# Thread: differential equation world problems

1. ## differential equation world problems

A learning curve is the graph of a function P(t), the performance of someone learning a skill as a function of training time t. The derivative dP/dt represents the rate at which performance improves.

a) When do you think P increases most rapidly? What happens to dP/dt as t increases? Explain.
b) If M is the maximum level of performance of which the learner is capable, explain why the differential equation dP / dt = k(M-P), k a positive constant is a reasonable model for learning.

a) answer is that it increases most rapidly in the beginning then begins to decline. can anyone tell me why this is so?

b)?

2. Hmm...interesting question.

a) Part a might be very easy, but I'm not seeing a mathematical way to answer it. Hopefully someone else will come along and help you out.

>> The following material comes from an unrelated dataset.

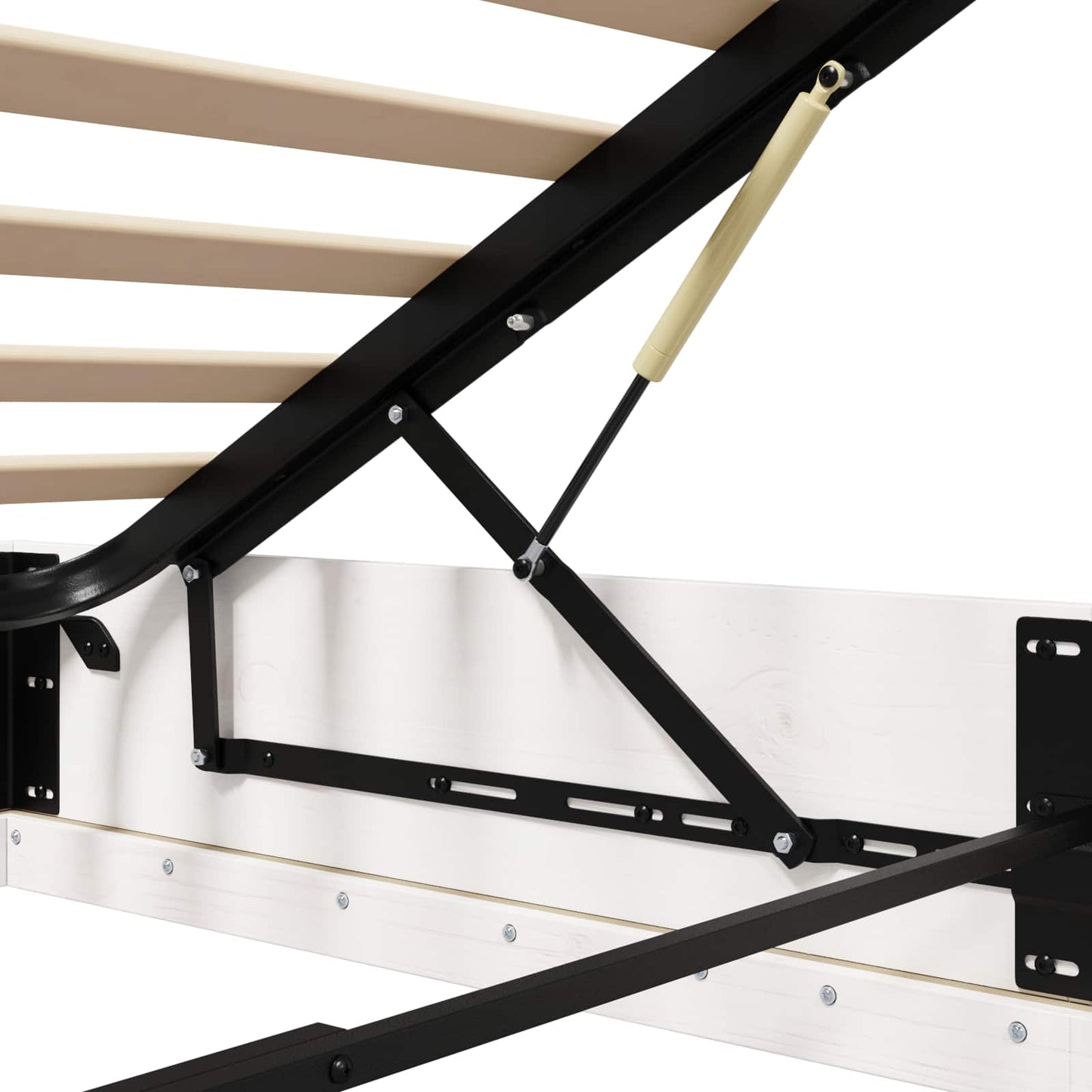 vidaXL Κρεβάτι Οθωμανικού Τύπου Λευκός 160 x 200 cm Στερεό πεύκο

b) the key here is to note that if M is the M is the maximum level of performance that the learner can reach, it follows that the learner can't 'learn' beyond that point. (Sorry for the pathetic use of English ).

So $\frac{dP}{dt} \alpha (M-P)$ i.e. the rate of learning is proportional to (the student's potential - how much the student already knows.)

Therefore $\frac{dP}{dt} = k(M-P)$ where k is a positive constant.

Also note think about what the maximum of P is? It's M - since that is it's maximum level of 'learning'. So when P=M, $\frac{dP}{dt}=0$ which makes perfect sense since at that point, the rate of learning is at it's highest point, and cannot increase any further.

3. Originally Posted by xfyz
A learning curve is the graph of a function P(t), the performance of someone learning a skill as a function of training time t. The derivative dP/dt represents the rate at which performance improves.

a) When do you think P increases most rapidly? What happens to dP/dt as t increases? Explain.

a) answer is that it increases most rapidly in the beginning then begins to decline. can anyone tell me why this is so?
This is not quite the kind of problem that has an analytical answer as much as it has an intuitive answer. (That is to say, the answer may turn out to be wrong after the data are taken, but it makes the most sense of any of the other possibilities, so we take it to be true as an assumption.)

Consider the fact that P(0) = 0. So to start out the amount of learning per unit time is the largest because we are starting from nothing and there is the most to learn. This corresponds to any teaching technique I have heard of: one starts with the simpler and most basic definitions, which most people typically find easy to comprehend. So at the beginning the learning is easiest and hence most rapid.

-Dan